Hi,
Gesendet: Fr, 05. Feb 2010 Von: Roeder, Andreas<[email protected]>
> Erik,
>
> I wrote the following code:
>
> public boolean containsText() throws IOException {
>
> PDDocument document = null;
> try {
> document = PDDocument.load(pdfFile);
> PDFTextStripperByArea stripper = new PDFTextStripperByArea();
>
> List<PDPage> pages =
> document.getDocumentCatalog().getAllPages();
>
> for(PDPage page : pages) {
> PDRectangle rectancle = page.getTrimBox();
> Rectangle2D.Float awtRect = new Rectangle2D.Float(
> rectancle.getLowerLeftX(),rectancle.getUpperRightY(),
>
>
> rectancle.getWidth(),
> rectancle.getHeight());
> stripper.addRegion(page.toString(), awtRect);
> stripper.extractRegions(page);
> for(Object regionObj : stripper.getRegions()) {
> String regionName = (String) regionObj;
> String text =
> stripper.getTextForRegion(regionName);
> if(text != null && text.length() > 0) {
> return true;
> }
> }
> }
> return false;
> } finally {
> document.close();
> }
> }
>
>
> But unfortunately the line:
>
> String text = stripper.getTextForRegion(regionName);
>
> always returns an empty String, what am I doing wrong?
I didn't test your source in detail, but I think you should use
new
Rectangle2D.Float(rectancle.getLowerLeftX(),rectancle.getLowerLeftY(),rectancle.getWidth(),
rectancle.getHeight());
to create the area you are looking for.
> Best Regards,
>
> Andreas
BR
Andreas Lehmkühler
> -----Ursprüngliche Nachricht-----
> Von: Erik Scholtz, ArgonSoft GmbH [mailto:[email protected]]
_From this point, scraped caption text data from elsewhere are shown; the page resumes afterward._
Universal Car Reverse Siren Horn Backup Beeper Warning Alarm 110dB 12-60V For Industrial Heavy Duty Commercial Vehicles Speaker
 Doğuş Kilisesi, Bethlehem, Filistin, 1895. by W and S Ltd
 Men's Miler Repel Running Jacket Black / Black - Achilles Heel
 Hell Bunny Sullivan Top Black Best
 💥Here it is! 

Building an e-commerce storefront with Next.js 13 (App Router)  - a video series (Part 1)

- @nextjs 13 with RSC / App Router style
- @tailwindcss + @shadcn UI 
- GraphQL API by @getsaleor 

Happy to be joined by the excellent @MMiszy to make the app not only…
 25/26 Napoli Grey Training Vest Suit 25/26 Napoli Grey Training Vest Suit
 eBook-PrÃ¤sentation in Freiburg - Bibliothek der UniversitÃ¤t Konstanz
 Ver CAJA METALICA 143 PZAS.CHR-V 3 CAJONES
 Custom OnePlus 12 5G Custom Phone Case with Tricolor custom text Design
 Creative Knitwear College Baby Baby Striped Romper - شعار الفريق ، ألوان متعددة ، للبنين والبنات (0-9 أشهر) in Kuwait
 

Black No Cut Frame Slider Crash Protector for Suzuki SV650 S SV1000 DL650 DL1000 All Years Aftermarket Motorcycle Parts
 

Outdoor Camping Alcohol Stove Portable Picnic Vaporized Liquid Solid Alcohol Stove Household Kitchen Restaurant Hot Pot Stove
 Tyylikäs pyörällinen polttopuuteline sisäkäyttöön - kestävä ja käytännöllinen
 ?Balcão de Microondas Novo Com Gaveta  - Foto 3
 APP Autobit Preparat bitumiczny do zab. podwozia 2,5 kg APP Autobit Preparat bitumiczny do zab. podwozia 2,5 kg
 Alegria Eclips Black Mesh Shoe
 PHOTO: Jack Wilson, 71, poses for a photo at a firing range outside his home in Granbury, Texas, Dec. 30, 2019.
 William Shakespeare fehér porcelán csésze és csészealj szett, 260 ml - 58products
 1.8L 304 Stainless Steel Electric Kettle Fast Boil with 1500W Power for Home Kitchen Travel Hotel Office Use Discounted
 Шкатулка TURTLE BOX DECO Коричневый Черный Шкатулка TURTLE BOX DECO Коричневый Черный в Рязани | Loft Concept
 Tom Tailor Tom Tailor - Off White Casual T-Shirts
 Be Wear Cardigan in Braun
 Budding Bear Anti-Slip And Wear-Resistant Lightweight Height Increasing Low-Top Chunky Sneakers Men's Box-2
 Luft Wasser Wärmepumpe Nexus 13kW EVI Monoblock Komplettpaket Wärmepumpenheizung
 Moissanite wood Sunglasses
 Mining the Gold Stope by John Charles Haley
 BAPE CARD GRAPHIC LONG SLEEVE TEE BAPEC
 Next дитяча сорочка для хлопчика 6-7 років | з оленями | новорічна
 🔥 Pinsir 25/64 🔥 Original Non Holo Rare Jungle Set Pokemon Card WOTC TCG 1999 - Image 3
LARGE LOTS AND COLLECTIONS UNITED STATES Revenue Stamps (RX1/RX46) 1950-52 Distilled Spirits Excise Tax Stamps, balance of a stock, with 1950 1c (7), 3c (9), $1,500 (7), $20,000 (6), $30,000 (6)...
> Gesendet: Mittwoch, 3. Februar 2010 17:03
> An: [email protected]
> Betreff: Re: PDF contains any text?
>
>
> Andreas,
>
> without parsing the content of a document and telling about its contents
> sounds to me like you are looking for the
> PDDocument.oracle_of_delphi() method :)
>
> But to answer your question: No - you have to look at the resources of
> each page whether there are text-resources or not, to find out about
> that. There is no "central resource_available dictionary" in PDF.
>
>
> Best regards,
> Erik
>
> Roeder, Andreas wrote:
> > Hi,
> >
> > Is there a way to find out if a PDF contains any text without parsing
> > the whole document? Some PDF contain just images.
> >
> > Best Regards,
> >
> > Andreas
> >
>
>
--- original Nachricht Ende ----